The picture is complicated by the specialised meaning attached to the word effectiveness. In medicine the word effectiveness relates to how well a treatment approach works in routine clinical practice, but efficacy is how well it works in specific conditions, for example in a clinical trial where certain patients, e.g. those with other disorders, are excluded because they would complicate the picture (and reduce the efficacy).

It is worth pointing out that the Resolution figure of better than 80% 'success' is not a measure of effectiveness in the clinical sense - it will take larger-scale research (for which we are now planning and raising funds) to establish that. Nor, on the other hand, is it a measure of efficacy, as we do not exclude people from the figures because they have other problems that might complicate treatment.

The Resolution figure of 80% is a measure of the outcomes from completed cases. We scale symptoms on first meeting, and scale them again at the last session. The data necessarily excludes those who come along for an assessment and then disappear, but it includes everyone else. If you are following this because you are interested in the outcome for this particular variant of trauma-focussed CBT you might well wonder whether there is something about the patient group that produces this result. It has been suggested, for example, that ex-military people might have more motivation to get better than the general population, and that might be true, and might be pushing the figure up. On the other hand, we could make it higher still by applying exclusion criteria to the service; refusing to take on people with drug or alcohol problems, or personality disorders, for example, and that we will not do.

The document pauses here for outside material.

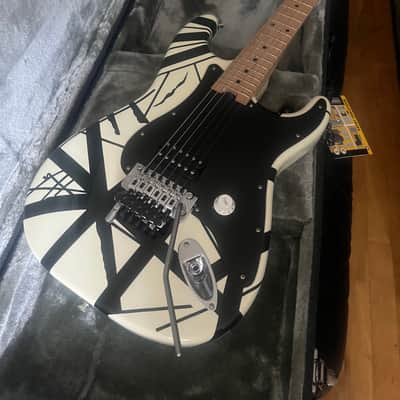 EVH Striped Series Electric Guitar 2013 - White with Black Stripes**ERUPTION!** image 5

This raises the question of what exactly are we measuring here, is it the clients or the treatment, and the answer is a combination of both. In other words, if you are an ex-military person with post-traumatic symptoms and you come to Resolution, present indications are that there is a strong probability that your symptoms will come down to a level where they are not considered to need further treatment.

The other question, perhaps more important, is what happens to the others, why do some people not go further than the initial assessment. At the moment we just do not know.

One of the main objects of Resolution is research, and this year we hope to see the first research project on this question.